Believe it or not, this pathology runs deep. I was surprised that someone actually built a front-end for the unix bc tool using precisely this philosophy – a big virtual keypad and a one-number display box. There are however few tools designed the right way. Most notable one of course is the Windows XP PowerCalc:

croppercapture9.Png

I believe that I mentioned that to me this is one of the better calculator UI’s. It has a nice big box where it displays results, a graphing area, a list of constants and variables and helpful hints just above the input box. Did you notice the lack of the virtual numpad? Yeah, when you get rid of it, you suddenly get more space for all this other cool stuff.

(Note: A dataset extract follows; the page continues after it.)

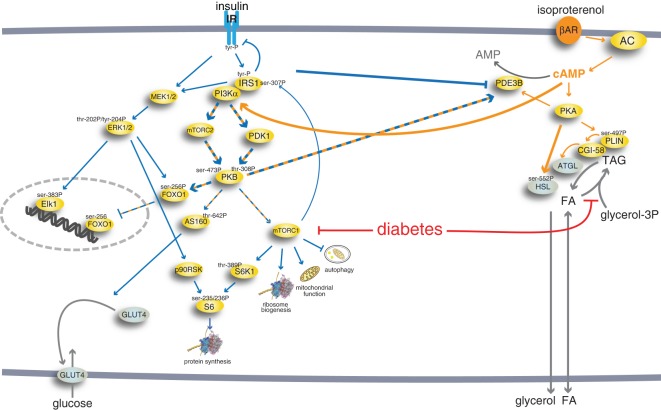 Figure 15.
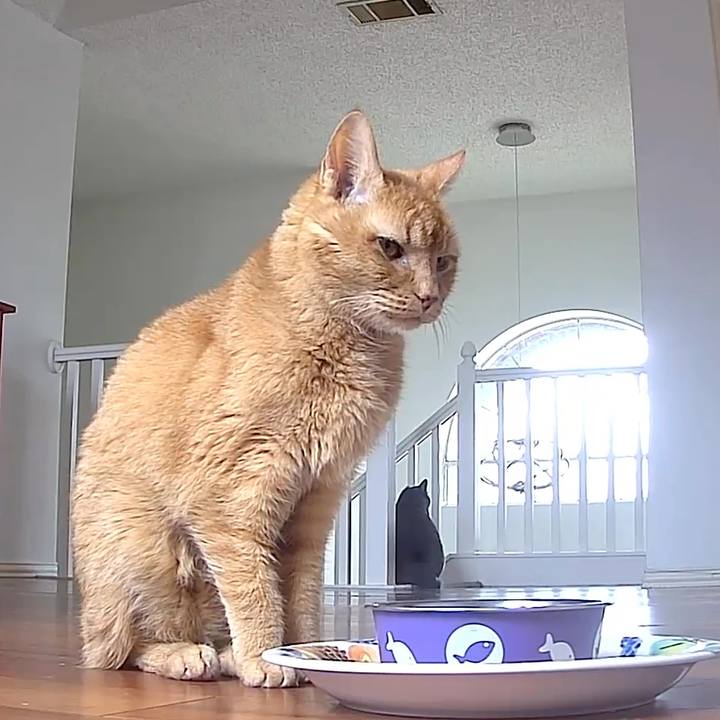 Cb6e4756 ed52 4b59 97d1 8d99f1c823e9 1769367033970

SpeedCrunch is not bad either. The default setup does include the stupid keypad, but it is a linux app. That means you can easily configure it and make it into something very minimalistic:

croppercapture10.Png

I guess there is a lesson in UI design, and usability here. Designing a software calculator to work like calc.exe or xcalc is like building a word processor that acts the same way as a real typewriter. Imagine if MS word only allowed you to use mono spaced font, and would not let you delete or backspace erroneously entered characters forcing you to retype the whole page every time you made a mistake. Fortunately at some point someone figured out that you can actually design something much better than a virtual keyboard. We still haven’t really made that leap with calculators though. When you tell someone to build a calculator tool, they immediately start thinking about building that virtual key pad. Why? Because that’s what calculator is, right? A numeric keypad with an LCD.

What they should really be thinking about is what a calculator really does, and how can it’s functionality be improved and extended in virtual space.